You may see other committees – an ESG or equivalent committee is becoming more common as there is so much to consider and this allows the board to maintain some oversight. Some boards choose to have a governance committee (which may be combined with the nomination committee). As a governance professional I absolutely endorse having good governance practices but boards should be careful not to overdo it. Regular governance reviews and board effectiveness reviews should mean that a full on governance committee isn’t really necessary – see further comments below.
Who should be on them?
Each committee will require members with a certain level of expertise. A skills analysis (see my article) should identify where this expertise lies within the board as well as any gaps where some board briefings would be useful. This can help to ensure that all committee members have sufficient knowledge to make informed decisions themselves rather than being overly reliant on advisers.

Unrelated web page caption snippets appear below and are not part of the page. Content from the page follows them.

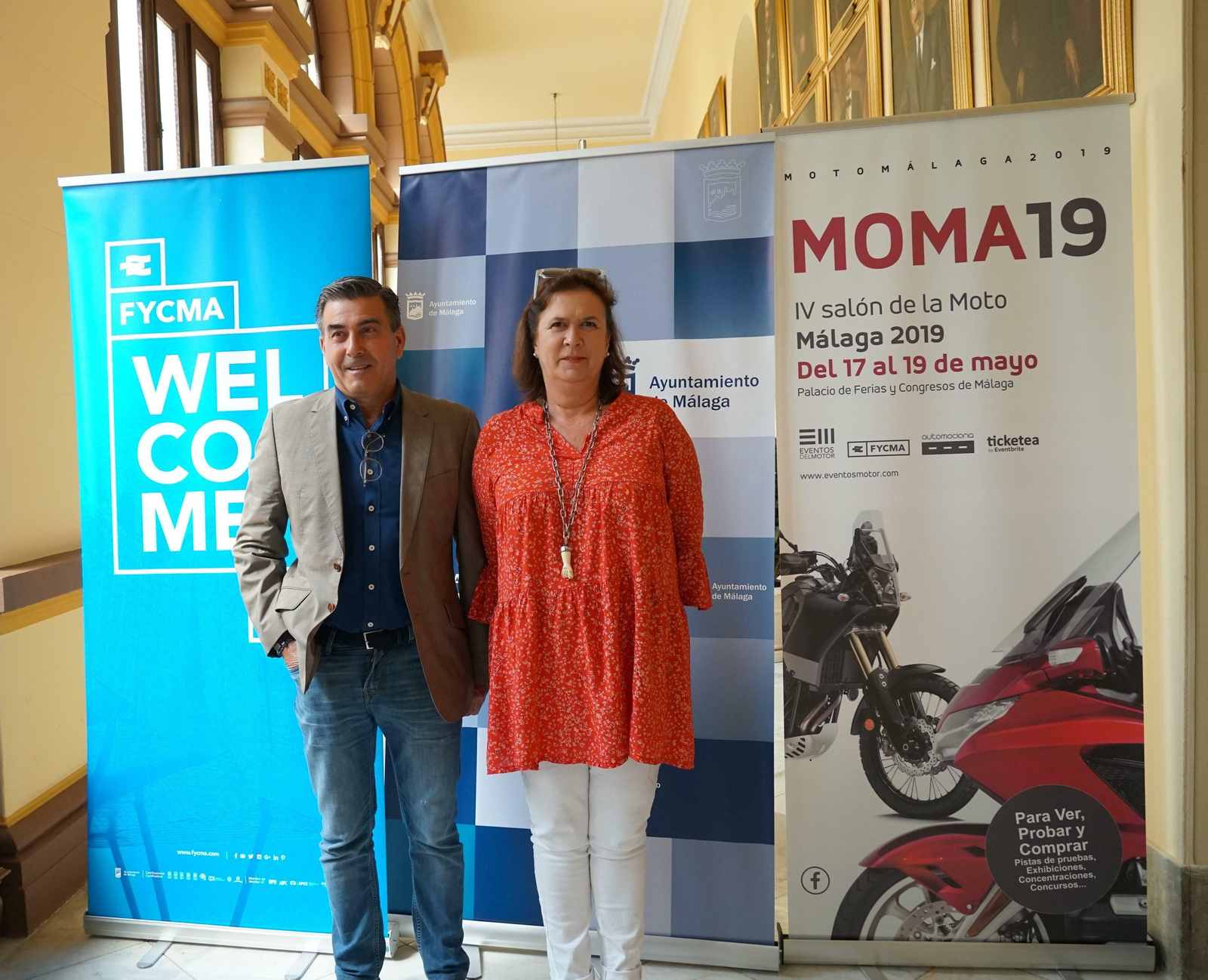 Presentación, este miércoles, del Salón de la Moto de Málaga.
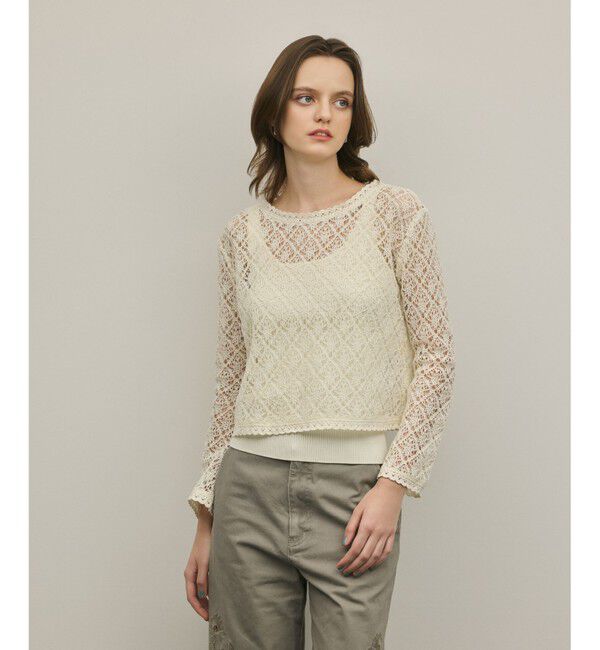 GRACE CONTINENTAL「レースフレアスリーブトップ」|その他|キナリ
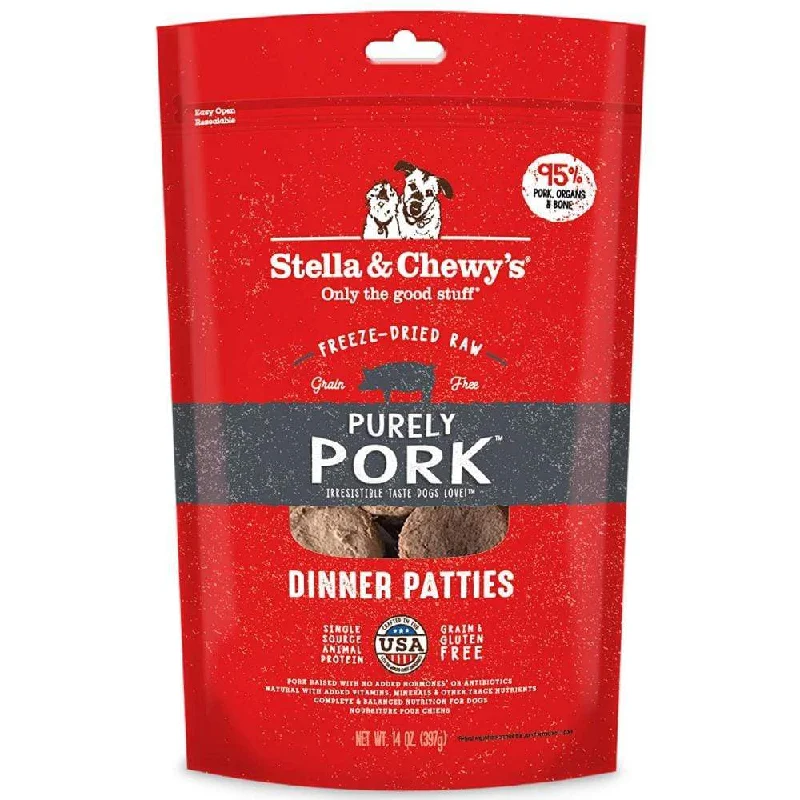 - Dog food improves immunityStella & Chewy's Purely Pork Grain Free Dinner Patties Freeze Dried Raw Dog Food - Dog food improves immunityStella & Chewy's Purely Pork Grain Free Dinner Patties Freeze Dried Raw Dog Food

Best practice is for the audit and remuneration committees to be comprised of independent NEDs only. The CEO may be a member of the nomination committee. However, the CFO would be expected to attend audit committee meetings and the Head of HR would typically attend remuneration committee meetings. Careful advance agenda planning is essential to get this to work smoothly, particularly for the remuneration committee, where you may need some commentary from the CFO on targets and input from the CEO for other executives but neither should be present when their own remuneration is discussed. Regular communication between the committee secretary and the committee chair in the run up to the meeting can aid this process.
Meetings

As for any meeting, a clear agenda, sufficient time for questions and debate on items before the committee are required to make your committee meetings run well. Committee chairs may have been appointed for their particular background knowledge but that will not necessarily make them a skilled chairperson. Board effectiveness reviews should draw this out, however it is obviously better if any emerging issues are tackled as soon as they become apparent. Some coaching from the board chair, SID, or an outside adviser can be beneficial, particularly for someone who has not had to fulfil such a role previously.
Delegation and reporting back
Clear delegation is key, so that the committee members understand their remit. Terms of reference should be in place and regularly reviewed. The committee secretary can assist the committee chair in making sure all areas which are within the terms of reference are covered at appropriate times. Good practice is for minutes of committee meetings to go to the next following board meeting for noting (subject to any issues of confidentiality or potential conflicts of interest). The committee chairs may be asked to give a brief report at the board meeting but this should focus on a few main issues and not be a repeat of the debate at the meeting.
When is a committee not a committee?
It is important to have a clear and purposeful governance framework in place, to allow the organisation to get the most out of the expertise of the directors in the time available. Some committees will be better kept within the executive – for example an ESG committee might be best handled in that way. There may be other projects where a temporary “working group” is the best option – for example if there is the need to review the governance framework and documents from time to time. The group should have a specific set of tasks and outputs to be delivered within an agreed timeframe. It can then be disbanded leaving time and energy for whatever is the next challenge.
Conclusion
Well run committees can contribute much to board effectiveness. There should be some consideration of how effective they are during your board review. Agreed actions for improvement can be included on the overall action plan from the review.
Further reading
The Chartered Governance Institute (UK & Ireland) has for many years provided model terms of reference for committees which can be found on the resources section of their website. You have to be a member or a (free) subscriber to access these. As well as templates for audit, remuneration and nomination committee terms of reference you will find them for risk and ESG/sustainability committees.